As condições meteorológicas eram propícias às nossas caminhadas, o sol brilhava tanto tanto. Estava tudo no seu auge. Tu és a condicionadora de todos os estados. Estás comigo, está tudo perfeito. O teu toque é perfeito.

Passado algum tempo, eu voltei a percorrer o mundo. Mas desta vez, tu não vieste. Não vieste e estava tudo diferente. Desta vez os meus olhos estavam bem abertos, nada me escapou. Ao invés dos pássaros que nos apareceram no passado, desta vez foram corvos que apareceram, corvos rudes e sentenciadores. Olhavam-me de lado, agrediam-me e diziam-me palavras cruas. Palavras por cozinhar, duras. Palavras que doem. Palavras que criam danos no meu coração.
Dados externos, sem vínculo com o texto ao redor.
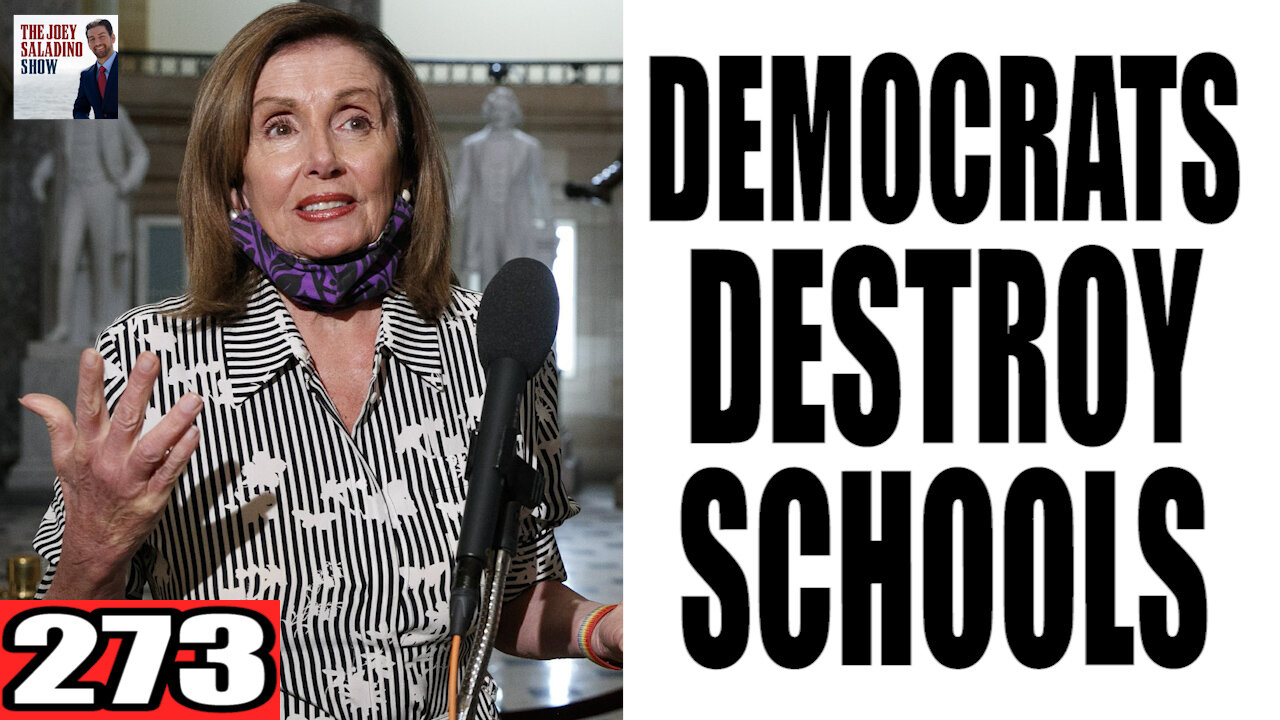 273. Democrats DESTROY Schools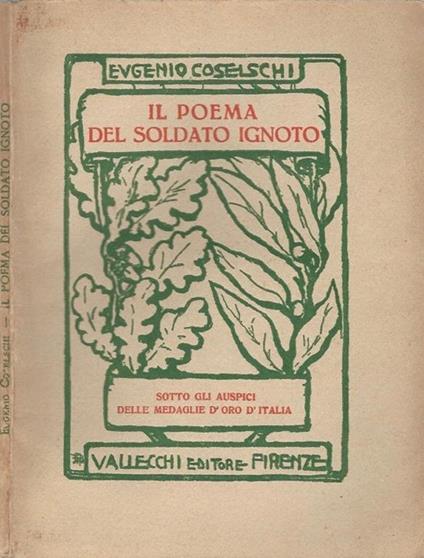 Il poema del soldato ignoto - Eugenio Coselschi - copertina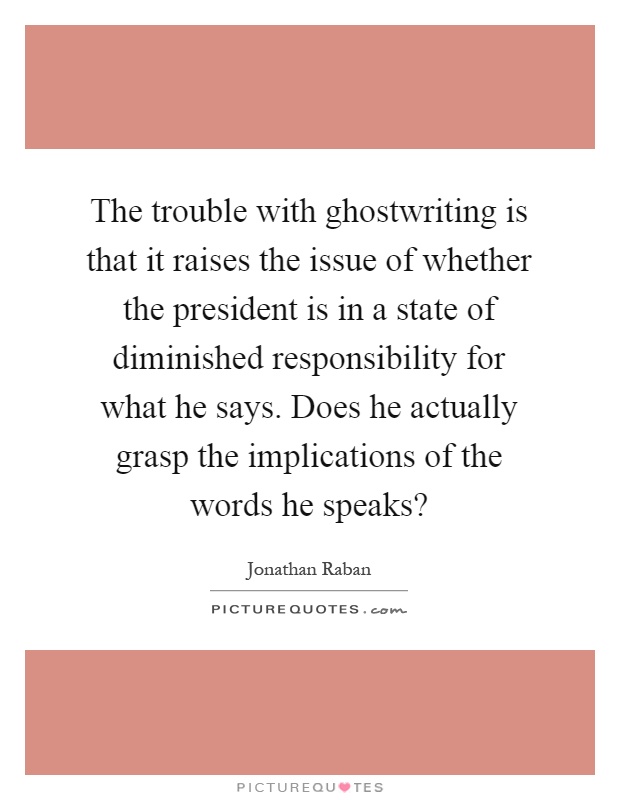 The trouble with ghostwriting is that it raises the issue of whether the president is in a state of diminished responsibility for what he says. Does he actually grasp the implications of the words he speaks? Picture Quote #1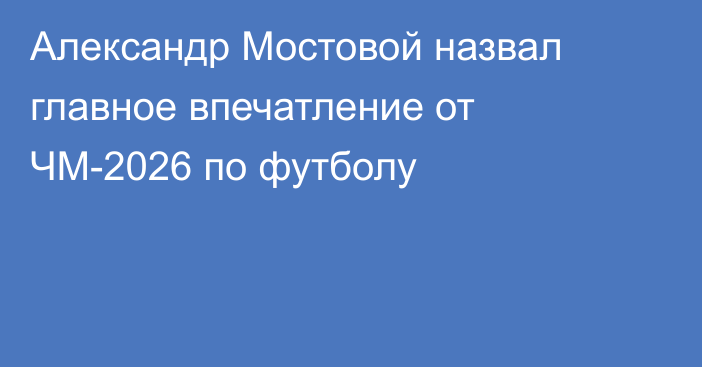 Александр Мостовой назвал главное впечатление от ЧМ-2026 по футболу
De seguida, continuei a minha caminhada, os meus rios de sangue, desta vez transbordavam, a maré encheu de tal forma, que destruiu as margens, tudo à volta se encontrava degradado. Eu estava morto.

O mundo nunca mais foi a mesma coisa. Mas se calhar o mundo não mudou nada, se calhar fui eu que mudei de mundo e tu não vieste, se calhar foi isso.

Talvez um dia, quando tu vieres, talvez tudo volte a ser como antes. Até lá, irei continuar a dormir, morto, a defrontar corvos orelhudos. A viver uma morte. Será eterno?

domingo, março 04, 2007

Sinto-te ( sentes-me? )

Um dia andavas tu sozinha a vaguear no céu. Um dia eu fui ao céu, tu viraste-te para mim e disseste, sente. Eu senti. Senti de novo, senti o sangue escorrer-me nas veias, senti o ar a penetrar as minhas narinas, senti o meu coração a palpitar, resumindo, senti. Depressa o céu mudou o seu contraste de cinza das fotografias antigas que retratam acontecimentos melancólicos, para o azul marítimo. Contigo a realidade dos meus olhos é outra. A tua realidade é real. Eu sinto.
Depois, eu virei-me para ti e disse, sente. E tu sentiste. Sentimos-nos. Elevaste-me para uma nuvem, sentimos-nos. Repousamos-nos um tempo indefinido na nuvem a sentir. Sempre a sentir. Eu continuamente sentia tanto, cada vez mais. Progressivamente.
Um dia fez-me noite, a negridão repousou sobre as nuvens. Nessa altura disseste-me, deixei de sentir. Deixaste de sentir, eu deixei de sentir. Mas continuei a sentir-te eternamente. Continuo a sentir que fazes falta.
Por isso, agora eu digo:
Fazes-me sentir de novo, se eu te fizer sentir?